The fund, which sits within the Investment Association (IA) Asia Pacific excluding Japan Sector, counts both Chinese internet giants Alibaba and Tencent among its 70-stock portfolio. And Mr Markson-Brown believes Asia's young demographics and greater openness to adopting new technologies means in some sectors it is leapfrogging the West.

The electronic payments industry in India is one example. Last autumn, the Indian government deliberately wiped out the value of 86 per cent of the country's cash in circulation overnight in an effort to stamp down on corruption. The result has been an explosion in electronic payments. "There are only about 24m credit cards used in India, which is negligible," Mr Markson-Brown says. "[Mobile payment company] PayTM (a subsidiary of One 97 Communications Ltd (ONEC:NSI)) has a monthly use of 240m people, up from practically nothing 12 months ago. Today you can use your mobile phone to shop almost anywhere where someone else has a mobile phone."

And unlike in China, where the data in electronic payments is owned by internet companies, in India this data tends to be owned by banks. The fund holds Indian banks HDFC Bank (HDFCBANK:NSI) and Indusind Bank (INDUSINDBK:NSI).

Indian companies are also testing fingerprint payment technology, which will make use of India's Aadhaar ID programme. The programme, overseen by the Unique Identification Authority of India, is the world's largest biometric ID system, with a database of the fingerprints and iris scans of more than 1.1bn people.

Baillie Gifford Pacific Fund is also focusing on e-commerce, particularly in China.
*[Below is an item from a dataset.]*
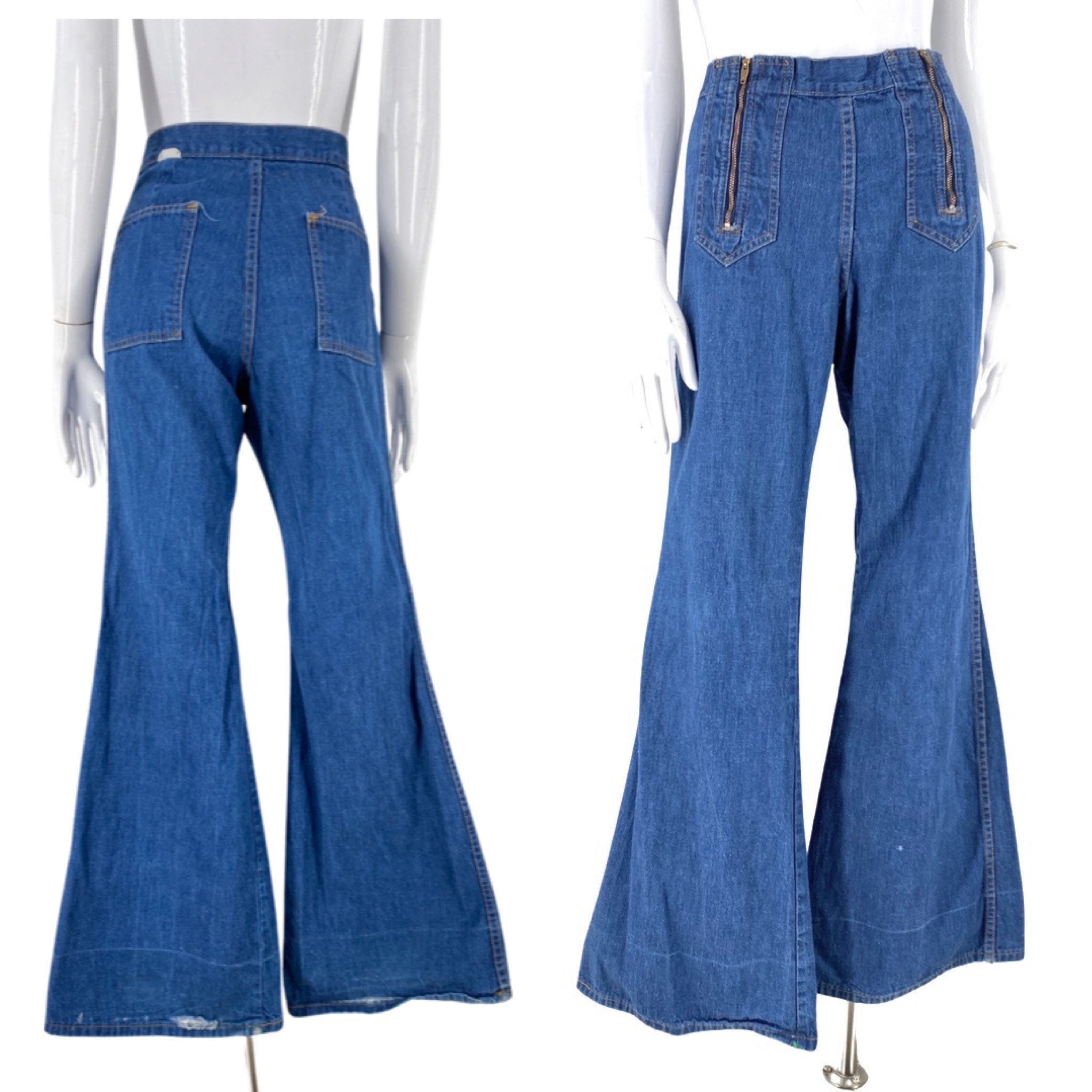 70s double zipper bell bottom jeans 29, vintage 1970s high rise flares, 70s  bells, 70s pants sz 8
E-commerce penetration in the country is currently about 13 per cent, says Mr Markson-Brown, but could lead to mass adoption when it reaches "the magic point" of 20 per cent.

"In 2008 in the US, online book penetration was about 20 per cent and in the next five years it doubled; 20 per cent is some kind of magic point for market share - up until then it grows quite slowly," he says. E-commerce costs are likely to drop dramatically too, as drones and autonomous cars enable much cheaper delivery and big data allows warehouses to store exactly what customers want.

"Companies like JD.com (JD:NSQ) (a 4.6 per cent weight in the fund) in Beijing can deliver to you within two hours within a 2 sq km radius because they stock the right products at the right time using big data networks," he says. "Meanwhile offline retailers are being disrupted dramatically and their businesses have to change or they die. We're already starting to see that."

One of the challenges of managing an Asian equity fund is to buy stocks that can deliver sustainable growth and that will still be around in 10 years' time. New technology will make many global sectors obsolete in the coming years, says Mr Markson-Brown.

"We think the same chunks [of the market] are going to disappear in western markets and they're trading at higher multiples," he says. "The growth companies in Asia are really reasonable and people are not looking at the [long-term picture], for example, in the e-commerce story. In five years' time you could double your growth again, the market simply is not pricing that in."

 

Ewan Markson-Brown CV

Mr Markson-Brown is an investment manager in the Baillie Gifford emerging markets equity team. Before joining Baillie Gifford in 2013, he was a senior vice-president in emerging markets at PIMCO. He also previously worked at Merrill Lynch and Newton as an Asia Pacific portfolio manager. He graduated with an MA in philosophy, politics and economics from Oxford university in 2000.